● WORK TO COMPLETE
Ignore the pictures in the data below and set down exactly the lines from its first line through the line containing "디클 올인원 일체형 PC A238N N100 WIN11 무선키보드 마우스 증정".

● INFORMATION GIVEN
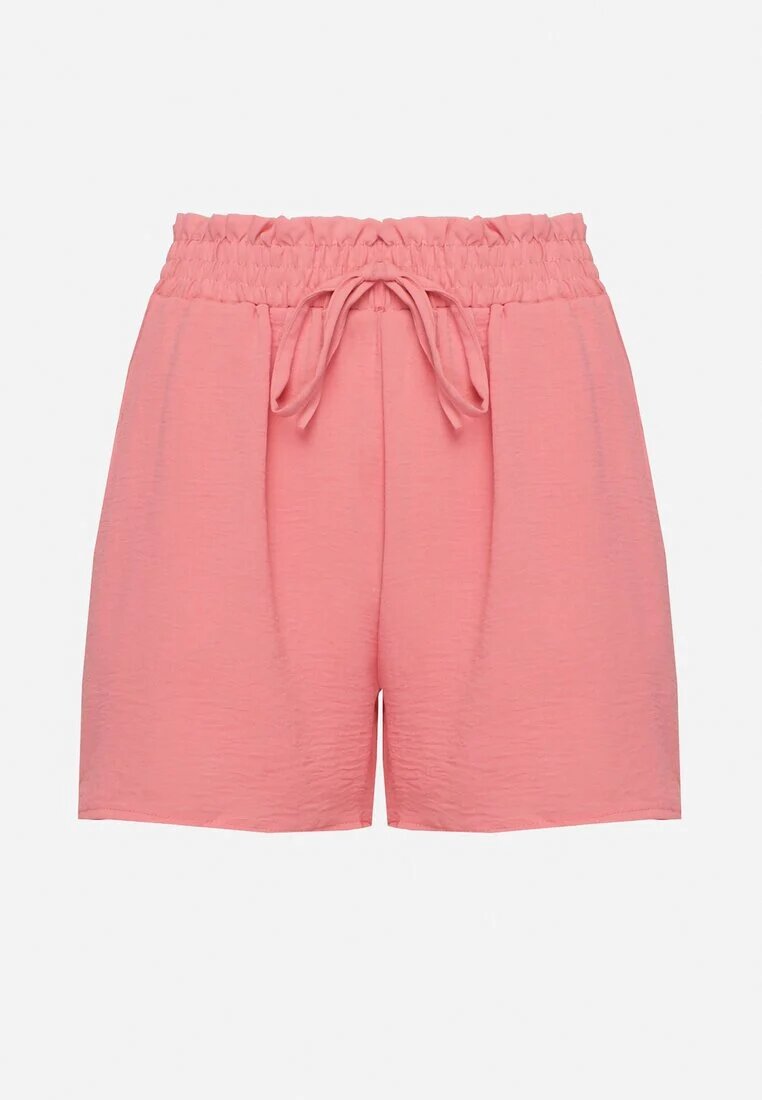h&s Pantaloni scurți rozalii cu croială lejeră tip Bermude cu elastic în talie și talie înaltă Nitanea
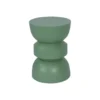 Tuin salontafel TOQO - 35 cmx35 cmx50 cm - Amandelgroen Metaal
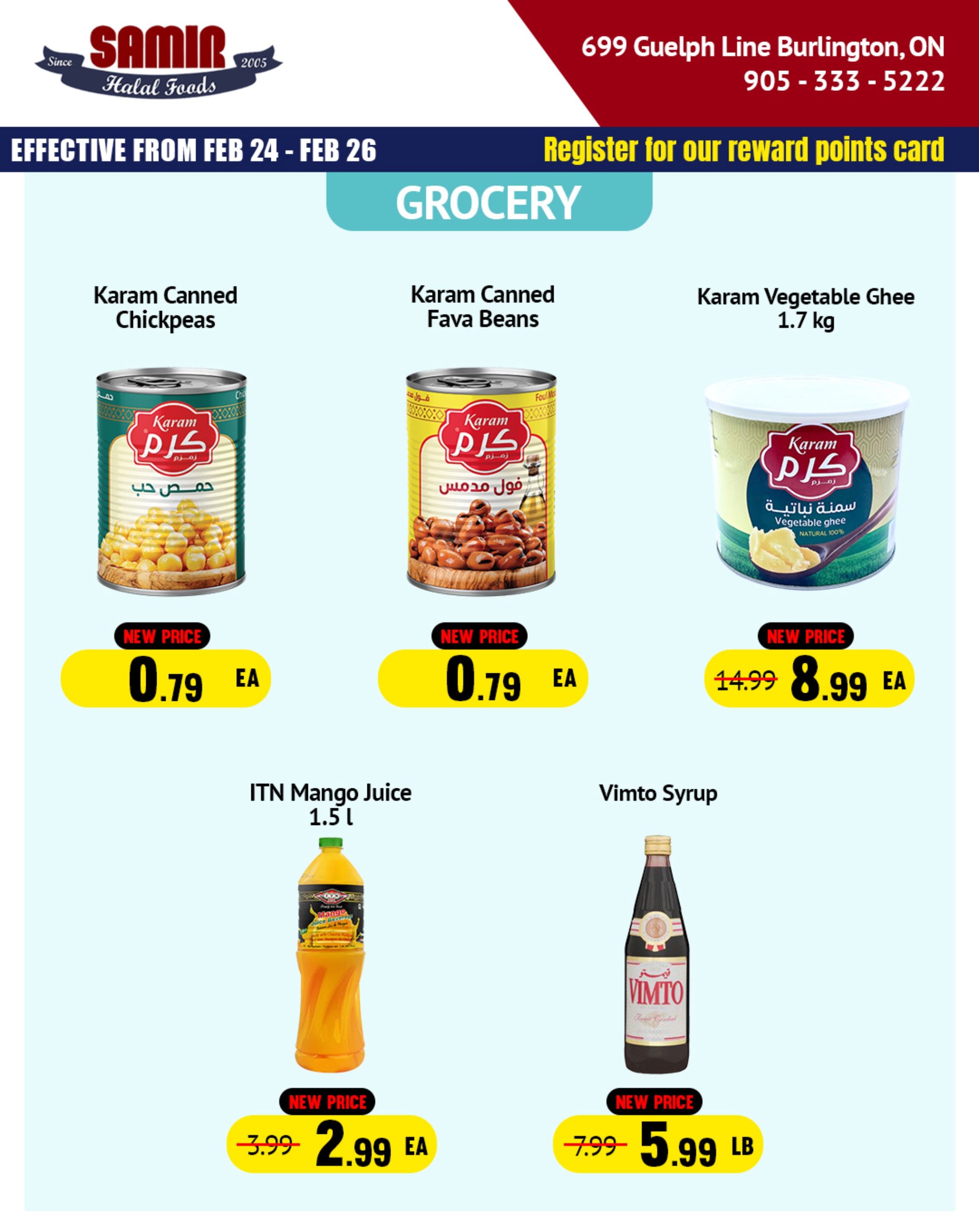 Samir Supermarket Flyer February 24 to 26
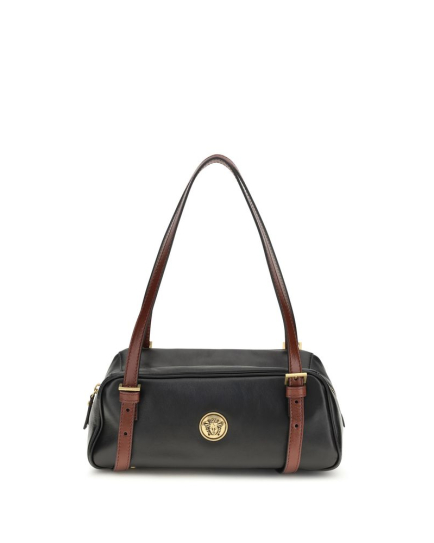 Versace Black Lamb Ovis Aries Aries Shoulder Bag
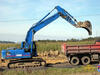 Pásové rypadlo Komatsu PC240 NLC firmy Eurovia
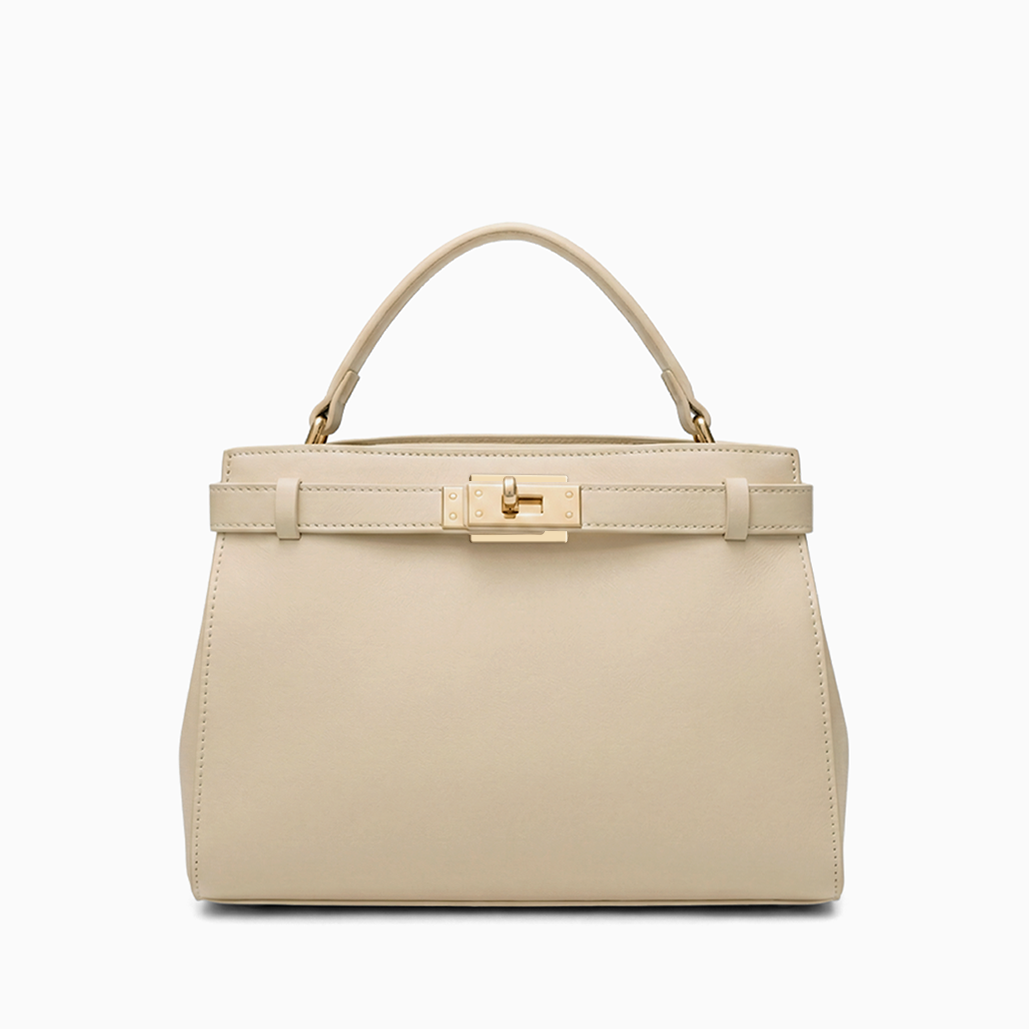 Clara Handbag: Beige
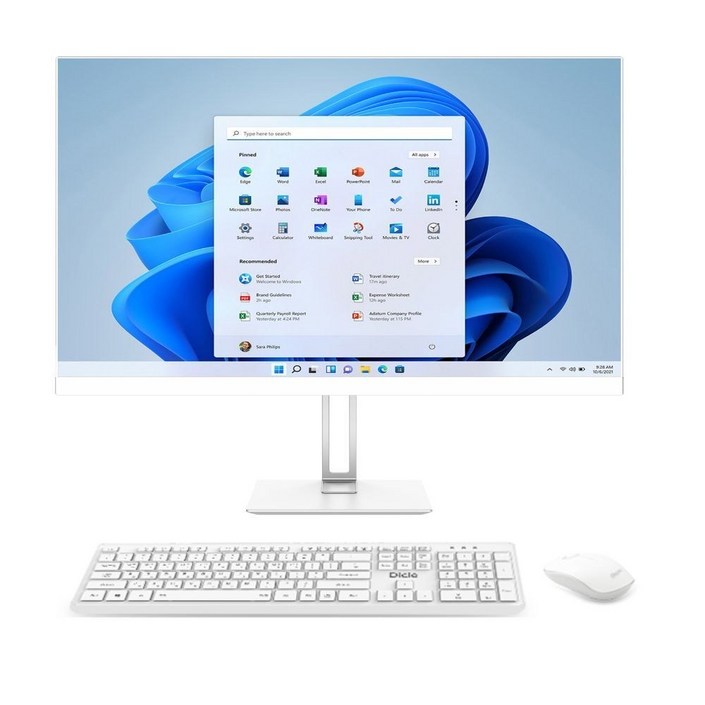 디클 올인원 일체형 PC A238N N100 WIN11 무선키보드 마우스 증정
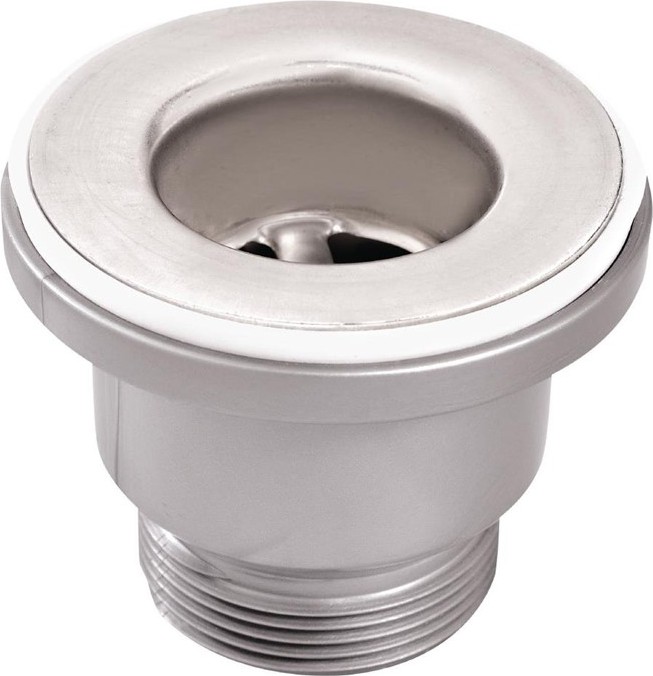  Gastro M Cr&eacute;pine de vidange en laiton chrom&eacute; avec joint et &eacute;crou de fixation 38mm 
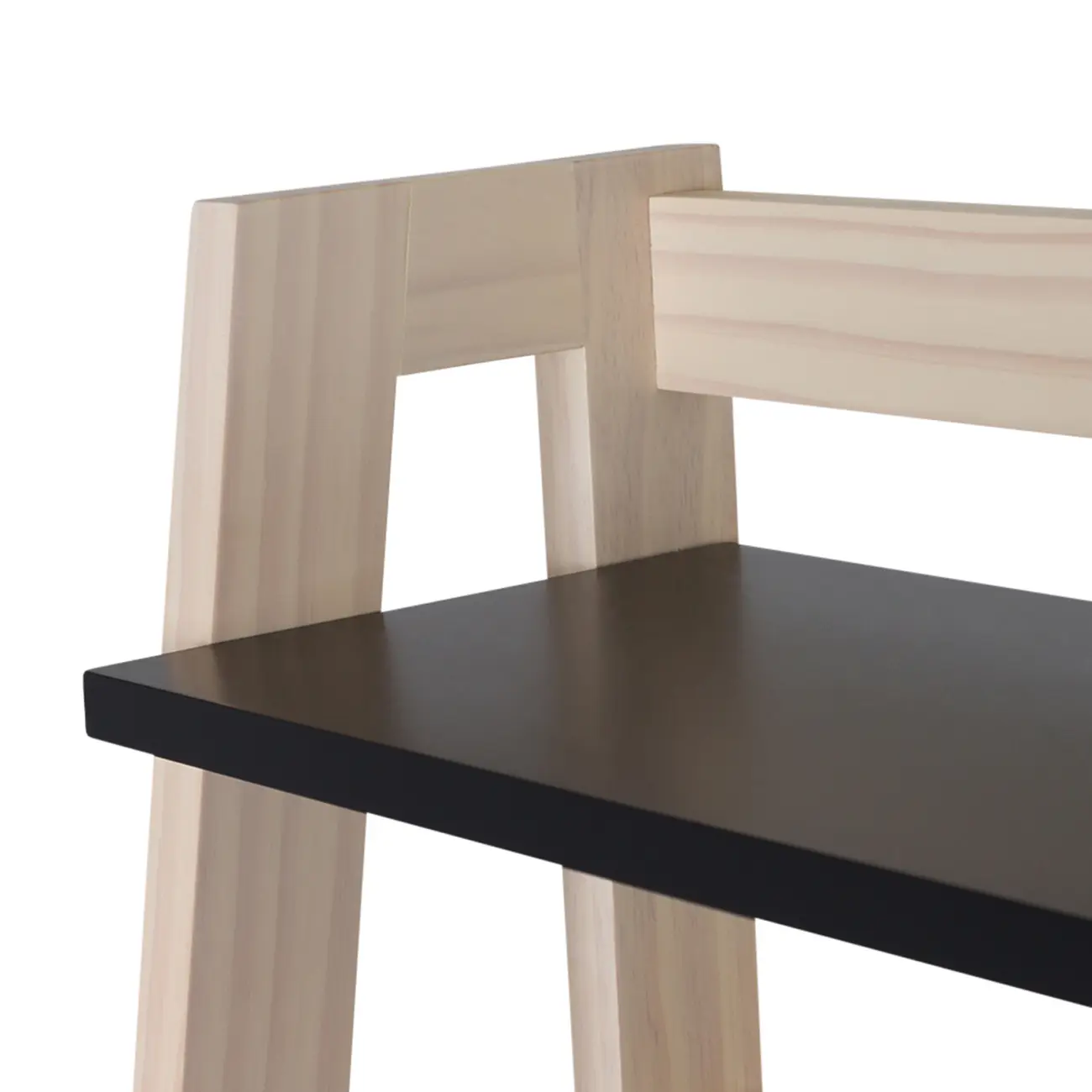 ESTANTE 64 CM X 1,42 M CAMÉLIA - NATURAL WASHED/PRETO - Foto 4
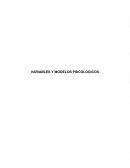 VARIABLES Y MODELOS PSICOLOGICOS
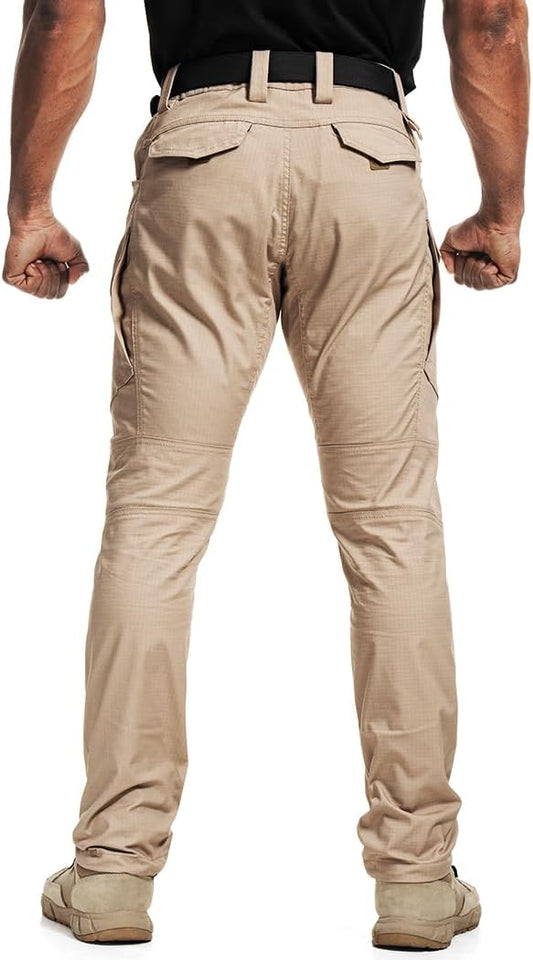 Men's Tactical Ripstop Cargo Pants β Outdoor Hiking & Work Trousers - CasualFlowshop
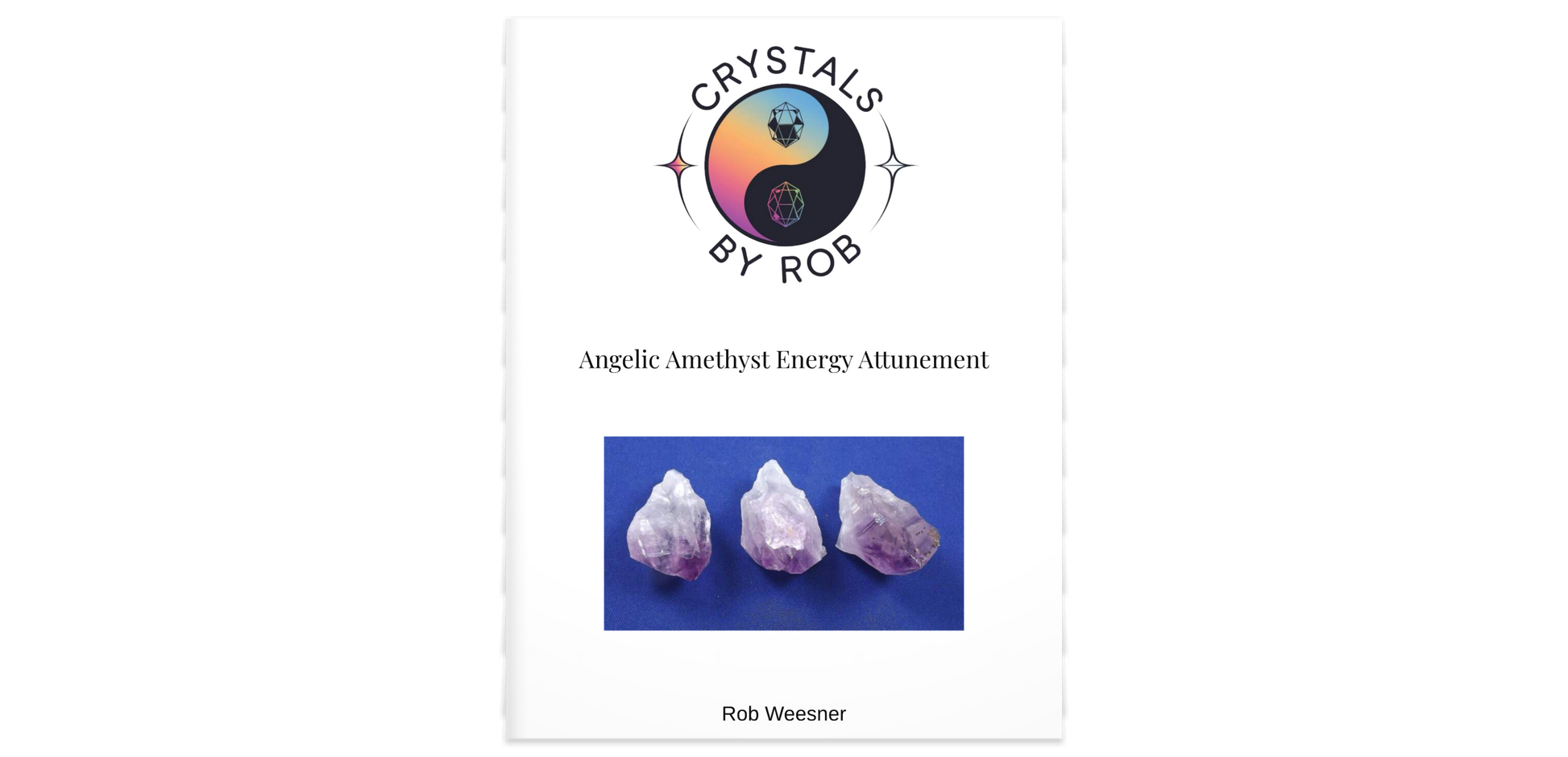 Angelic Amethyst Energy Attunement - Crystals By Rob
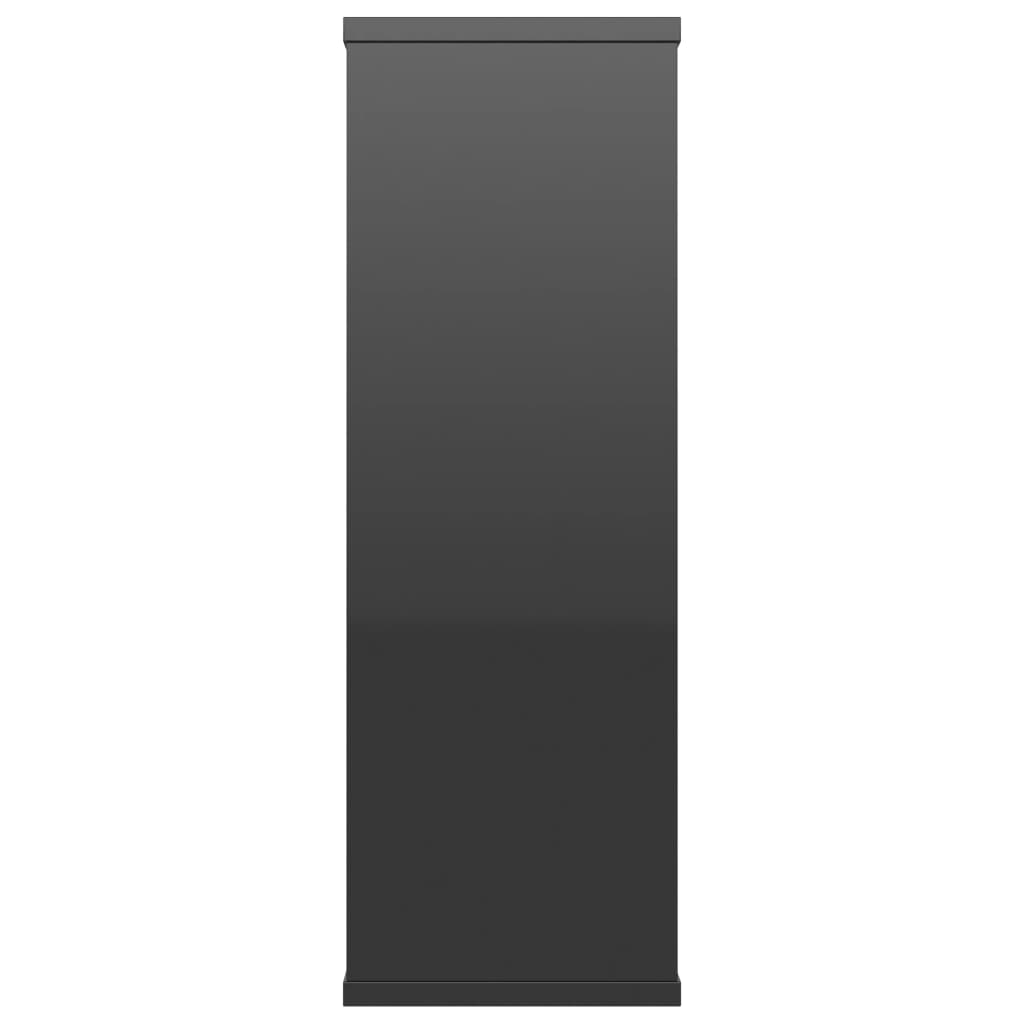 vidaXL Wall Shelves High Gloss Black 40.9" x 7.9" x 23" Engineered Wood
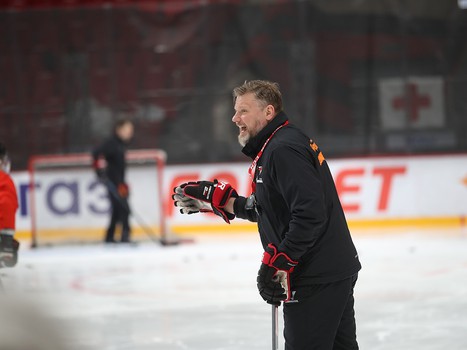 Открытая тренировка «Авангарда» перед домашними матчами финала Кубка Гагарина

● RESULT BELOW
h&s Pantaloni scurți rozalii cu croială lejeră tip Bermude cu elastic în talie și talie înaltă Nitanea
 Tuin salontafel TOQO - 35 cmx35 cmx50 cm - Amandelgroen Metaal
 Samir Supermarket Flyer February 24 to 26
 Versace Black Lamb Ovis Aries Aries Shoulder Bag
 Pásové rypadlo Komatsu PC240 NLC firmy Eurovia
 Clara Handbag: Beige
 디클 올인원 일체형 PC A238N N100 WIN11 무선키보드 마우스 증정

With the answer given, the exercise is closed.